Thy Belovedest Husband.
Do not hasten home on my account—stay as long as thou deemest good. I well know how thy heart is tugging thee hitherward.
Mrs. Sophia A. Hawthorne,
Care of Dr. N. Peabody,
Boston, Massachusetts.
TO MRS. HAWTHORNE
14 Mull street, Monday, [Salem,] 16th April, 1849
Ownest wife,
I suppose thou wilt not expect (nor wish for) a letter from me; but it is so desolate and lonesome here that I needs must write. This is a miserable time. Thy and the children's absence; and this dreary bluster of the wind, which at once exasperates and depresses me to the very last degree; and finally, a breakfast (the repetition of yesterday's) of pease and Indian pudding!! It is a strange miscellany of grievances; but it does my business—it makes me curse my day.
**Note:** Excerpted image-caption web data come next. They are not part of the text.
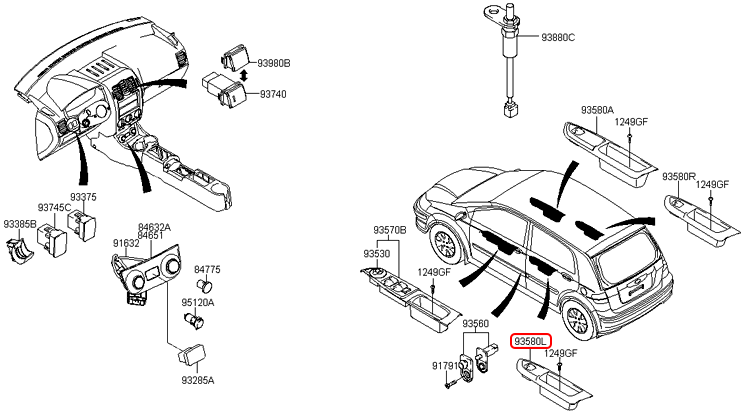 Công tắc nâng kính phụ chính hãng HYUNDAI sau LH | 935801C0108H tại HCM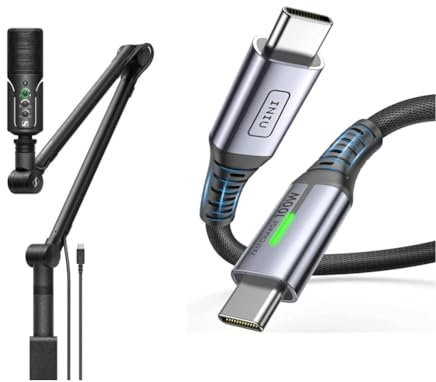 Sennheiser Profile Streaming Set mit USB-Mikrofon, Boomarm und Tasche, INIU 100W 2m 5A PD QC 4.0 Ladekabel C-C
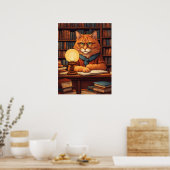 affiche chat de bibliothèque #9 (Cuisine)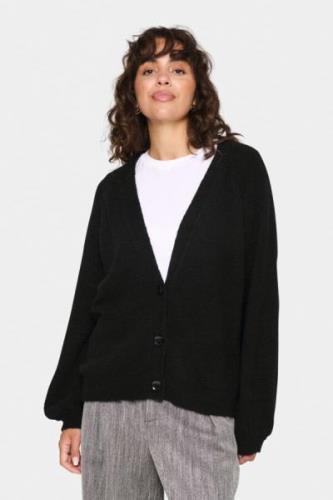 Saint Tropez Garbiesz Cardigan Kvinde Black Cardigans Loose Fit Str L ...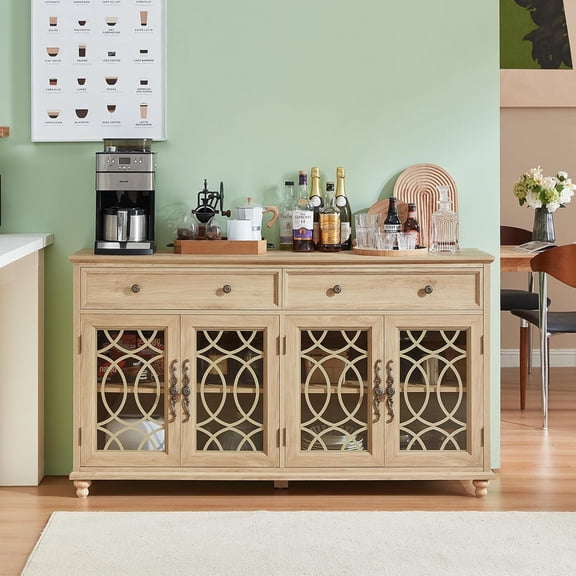 Joaxswe 59''W Farmhouse Kitchen Sideboard with 4 Doors 2 Drawers, Large Wood Storage Buffet Cabinet with Adjustable Shelves, Natural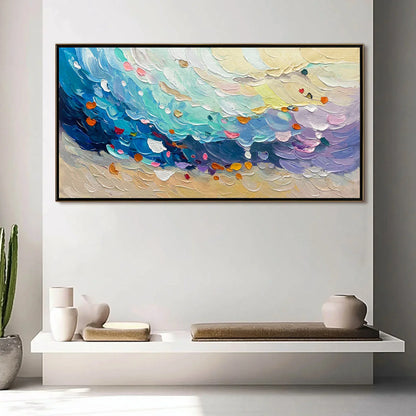 Ready to Ship | CORAL DREAM: Textured Abstract Seascape Oil Painting | hanging in living room, Abstract wall art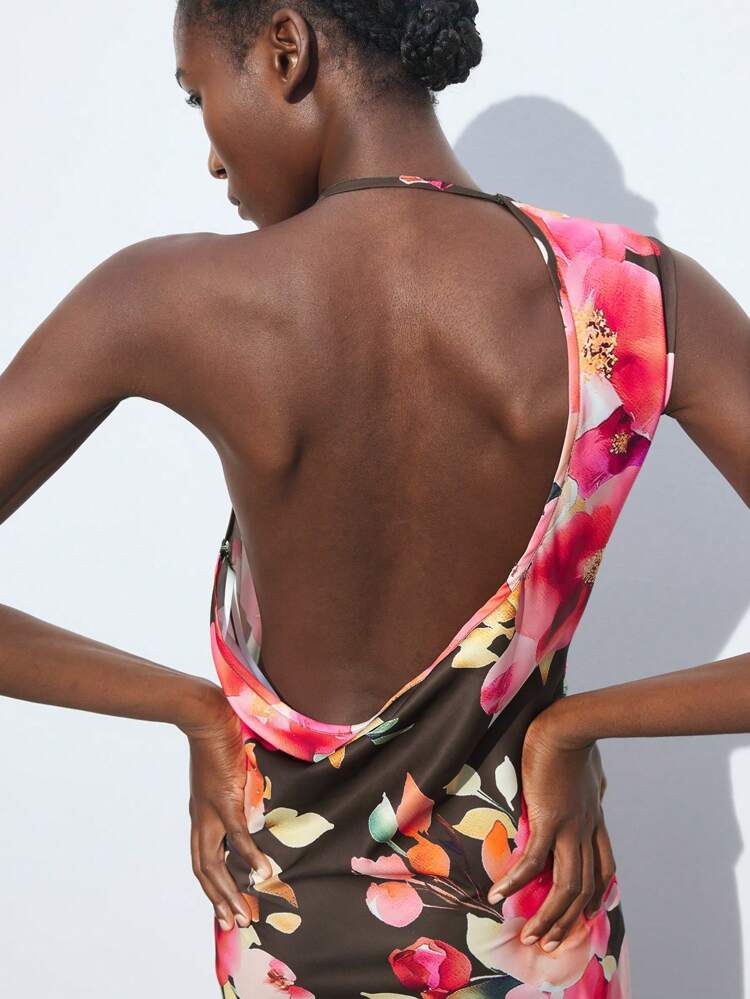 SHEIN Maija 女性用エレガントな花柄オールオーバープリントバックレスドレス、夏の女性用ドレス 誕生日 カジュアルドレス 仕事 夏ドレス 女性用夏ドレス ビーチアウトフィットドレス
This matter of the breakfast is the most intolerable, just at this moment; because the taste of it is still in my mouth, and the nausea and disgust overwhelms me like the consciousness of sin. Hell is nothing else but eating pease and baked Indian pudding! If thou lovest me, never let me see either of them again. Keep such things for thy and my worst enemies. Give thy husband bread, or cold potatoes; and he never will complain—but pease and Indian pudding! God forgive me for ever having burthened my conscience with such abominations. They are the Unpardonable Sin and the Intolerable Punishment, in one and the same accursed spoonfull!